Cherry-picked images

2.Fooling Images

我們可以用影象梯度來生成 虛假影象(fooling images)。給定一張圖片和一個目標類,我們可以對該圖片執行梯度上升(將影象梯度不斷地疊加到原圖片上),以產生一個fooling image。該fooling image和原圖片在視覺上非常接近,但是CNN會把它識別成我們預先設定的目標類。

程式碼如下:

def make_fooling_image(X, target_y, model):
    X_fooling = X.copy()
    N,C,H,W = X_fooling.shape      # N=1
    i = 0
    y_pred = -1
    lr = 200.0
    while (y_pred != target_y) & (i<200):
        scores, cache = model.forward(X_fooling, mode='test') # Score size (N,100)
        # The loss function we want to optimize(maximize)
        # loss = scores[np.arange(N), target_y]                 # Size (N,)
        # print loss
        # The gradient of this loss wih respect to the input image
        dscores = np.zeros_like(scores)
        dscores[np.arange(N), target_y] = 1.0
        dX, grads = model.backward(dscores, cache)
        X_fooling += lr*dX
        y_pred = model.loss(X_fooling).argmax(axis=1)
        i+=1
        print 'Iteration %d: current class: %d; target class: %d ' % (i, y_pred, target_y)

    return X_fooling

Left: original image, Middle: fooling image, Right: difference

從上圖結果我們可以看出:CNN依舊無法擺脫維度的詛咒這一難題,因為存在對抗樣本使它無法正確辨識。

05

影象生成(Image Generation)

這一部分我們繼續探索影象梯度,我們將使用不同的方法通過影象梯度生成影象。

1.Class visualization

給定一個目標類(比如蜘蛛),我們可以在一個隨機噪聲影象上,利用梯度上升來生成一個(蜘蛛)影象,並且CNN會把它識別成目標類。具體實現方法可以參見論文:Deep Inside Convolutional Networks: Visualising Image Classification Models and Saliency Maps(https://arxiv.org/pdf/1312.6034.pdf)。

程式碼如下:

def create_class_visualization(target_y, model, **kwargs):

    learning_rate = kwargs.pop('learning_rate', 10000)
    blur_every = kwargs.pop('blur_every', 1)
    l2_reg = kwargs.pop('l2_reg', 1e-6)
    max_jitter = kwargs.pop('max_jitter', 4)
    num_iterations = kwargs.pop('num_iterations', 200)
    show_every = kwargs.pop('show_every', 25)
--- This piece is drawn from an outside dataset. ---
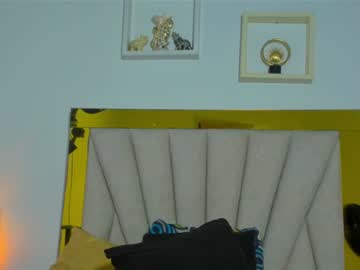 Vahiolet_Fuentes Chaturbate stream image from January 25, 2025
    X = np.random.randn(1, 3, 64, 64)
    for t in xrange(num_iterations):
        # As a regularizer, add random jitter to the image
        ox, oy = np.random.randint(-max_jitter, max_jitter+1, 2)
        X = np.roll(np.roll(X, ox, -1), oy, -2)

        # Compute the score and gradient
        scores, cache = model.forward(X, mode='test')
        # loss = scores[0, target_y] - l2_reg*np.sum(X**2)
        dscores = np.zeros_like(scores)
        dscores[0, target_y] = 1.0
        dX, grads = model.backward(dscores, cache)
        dX -= 2*l2_reg*X

        X += learning_rate*dX

        # Undo the jitter
        X = np.roll(np.roll(X, -ox, -1), -oy, -2)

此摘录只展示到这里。